With a dry scrawl the screen door behind David opened. He turned, expecting Taketa or another gym trainer. Instead, he did a double take at the figure that glided in. The figure wore layered robes with a cowl that were heavy enough to disguise their form. They hunched over, whether from the weight of all the fabric or age, he couldn’t tell. Their robes hid all. The outermost layer was a dull gray that brightened with each fold to the brilliant purple core.
As they turned away from the screen he gave up all attempts to identify any features. Under the hood of the robe was a smooth white mask. It was ovular, curving back towards the face but lacking any features beyond two dark cloth eyes and two purple lines dripping down from where a mouth should be. Fangs, blood or a mix of the two.
Each step they took towards the table made a small clicking noise as wood met wood softly but burdened. The tray they carried never wavered.
It was bizarre, even for this world. A costume, a show, or a villain from a children's TV show.
David looked back at Koga half skeptic, half resigned. ‘What now? What ridiculous thing was this world going to throw at him today?’
Koga gave him a sliver of a smile. It lasted only a second, barely long enough for David to wonder if it was in sympathy or amusement.

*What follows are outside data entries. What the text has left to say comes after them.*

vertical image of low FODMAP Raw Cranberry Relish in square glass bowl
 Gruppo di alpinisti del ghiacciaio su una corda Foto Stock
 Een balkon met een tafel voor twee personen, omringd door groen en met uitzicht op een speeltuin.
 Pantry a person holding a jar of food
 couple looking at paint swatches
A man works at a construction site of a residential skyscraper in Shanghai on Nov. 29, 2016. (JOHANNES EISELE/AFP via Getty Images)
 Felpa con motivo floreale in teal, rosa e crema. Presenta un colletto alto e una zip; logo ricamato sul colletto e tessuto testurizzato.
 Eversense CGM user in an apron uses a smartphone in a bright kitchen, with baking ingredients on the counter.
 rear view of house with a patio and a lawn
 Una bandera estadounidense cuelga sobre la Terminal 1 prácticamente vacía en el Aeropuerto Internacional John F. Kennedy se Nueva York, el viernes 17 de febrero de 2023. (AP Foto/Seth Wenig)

David’s shoulders slumped. The released pressure brought more relief than he’d expected. He was tired, far beyond what he should be for this time of day. Sure. He could talk to someone in that weird ass costume. ‘What’s one more minute of madness after everything that's happened already?’
The costumed server knelt at the table - not one the cushion where Sabrina had sat, but the opposite side on the wooden floor. The robed figure had brought them a tea set. It was plain, made from unpolished light gray stone. Item by item the server emptied the tray at a painful speed. David hoped the robe gave enough padding that it wasn’t literal pain.
Once the tray was empty they stood from the kneeling position in a smooth motion that made their strength clear. Not once did they speak.
David opened his mouth to ask one of many questions about the display as the costumed server left, but Koga held up a hand. He dropped it when the screen door opened and scuffed close behind David. Waving at David to forestall any speech, Koga picked up the teapot and poured a green tea into both cups. They were simple bowls without handles in keeping with the rest of the set.
A heady, spring smell filled the air.
“You will come here each day until your deadline. You will be trained.” Koga picked up his cup.
“I-” David began, picking up his own only to pause as he registered what Koga was saying.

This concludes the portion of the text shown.